PyInstaller 2.0 is working properly. There was a bug in 1.5, that was
fixed in 2.0. The motivation was to allow running apps created by
pyinstaller from another app created by pyinstaller.

Let me explain how pyinstaller works:
- frozen app is run as two processes
1st sets up environment (overrides LD_LIBRARY_PATH etc.)
2nd runs python code
- when you use execv or similar, you are running 1st process
that again overrides LD_LIBRARY_PATH. And then 2nd process is
started again.

What you probably need is to start just the 2nd process again. It won't
work this way. You should try different approach. Probably os.for()
could do what you need:
-----------

import os, sys

my_lib_path = '/path/to/my/lib'
ld_lib_path = os.environ.get('LD_LIBRARY_PATH')

print '\nBefore:', ld_lib_path
if ld_lib_path is None:
os.environ[ 'LD_LIBRARY_PATH' ] = my_lib_path
print 'Forking...'
elif my_lib_path not in os.environ[ 'LD_LIBRARY_PATH' ]:
os.environ[ 'LD_LIBRARY_PATH' ] += os.pathsep + my_lib_path
print 'Forking...'

pid = os.fork()

if pid:
# Wait for child process.
os.waitpid(pid, 0)
else:
# Child code.

SK

unread,
Oct 11, 2012, 2:33:30 PM10/11/12
to pyins...@googlegroups.com
Martin,

Thanks for the clarification and the ideas. I tried it but, as I expected, the os.fork approach will not work to affect the dynamic library search path even though the LD_LIBRARY_PATH change is inherited as expected. The dynamic loader sets the search path at application startup so the execv trick works but os.fork will not.

This capability is important for some Python uses and you can find many discussions of it (e.g., http://stackoverflow.com/questions/856116/changing-ld-library-path-at-runtime-for-ctypes). The alternatives and work-arounds, such as using a wrapper script, are all problematic and inferior. If we can't find another way to accomplish this then these applications can't use PyInstaller 2.0 and this is a limitation that should be documented and, ideally, fixed. I understand that the change from PyInstaller 1.5 adds a capability but it has also broken something important.

Would it be possible to achieve both capabilities? Why can't the first process pass on the LD_LIBRARY_PATH with necessary additions to the second process? This doesn't immediately seem like a problem but I don't know much about PyInstaller internals. Thoughts?

Martin Zibricky

unread,
Oct 11, 2012, 3:07:59 PM10/11/12
to pyins...@googlegroups.com
SK píše v Čt 11. 10. 2012 v 11:33 -0700:
> Would it be possible to achieve both capabilities?
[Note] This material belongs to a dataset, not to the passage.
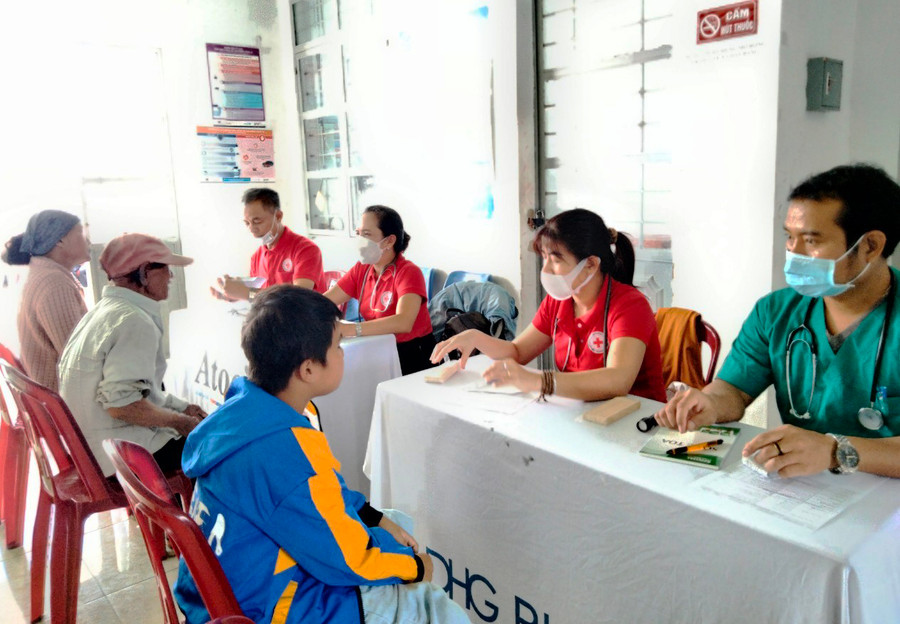 Khám bệnh, phát thuốc miễn phí cho người nghèo, khó khăn ở xã Đất Bằng, huyện Krông Pa. Ảnh: Hồng Ngọc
Why can't the first
> process pass on the LD_LIBRARY_PATH with necessary additions to the
> second process?

I think it is not possible without breaking other more important stuff.

The issue is how should the 1st process know about the additions to
LD_LIBRARY_PATH? The 1st process knows nothing about python, it just
prepares LD_LIBRARY_PATH for python and the frozen code.
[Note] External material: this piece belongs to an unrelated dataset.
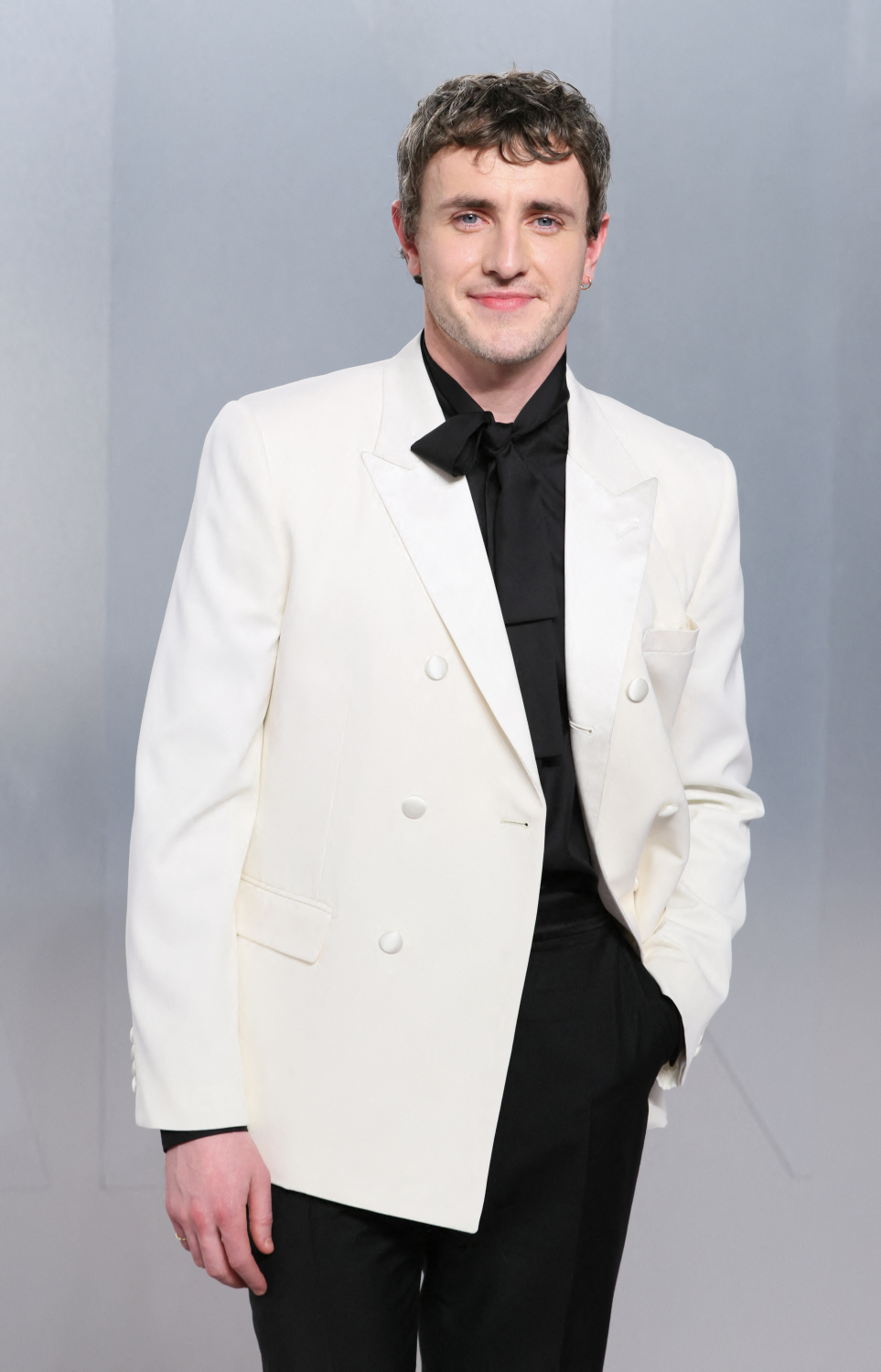 އޮސްކާ އެވޯޑް 2026: މި އަހަރުގެ އޮސްކާގެ ރެޑްކާޕެޓުގައި އިނގިރޭސި އެކްޓަރު ޕޯލް މެސްކެލް.-- ފޮޓޯ: އޭއެފްޕީ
The reason to set LD_LIBRARY_PATH is to ensure frozen executable will
work even in case it is overriden on user's machine.

> This doesn't immediately seem like a problem but I don't know much
> about PyInstaller internals. Thoughts?

What is your usecase? Probably a different solution could be found.

This link
http://stackoverflow.com/questions/856116/changing-ld-library-path-at-runtime-for-ctypes
mentioned patchelf, it could work for you.

http://nixos.org/patchelf.html


SK

unread,
Oct 11, 2012, 5:27:09 PM10/11/12
to pyins...@googlegroups.com
The use case is user-generated "plugin" libraries that have to be found at runtime
to get loaded instead of the "stub" libraries shipped with the application. You can't
know where they will be located ahead of time and it is not acceptable or multi-user
safe to modify the binaries' dynamic loading paths.

If the PyInstaller 2.0 approach blocks any ability to set the LD_LIBRARY_PATH that
the actual application sees then that seems like a serious flaw.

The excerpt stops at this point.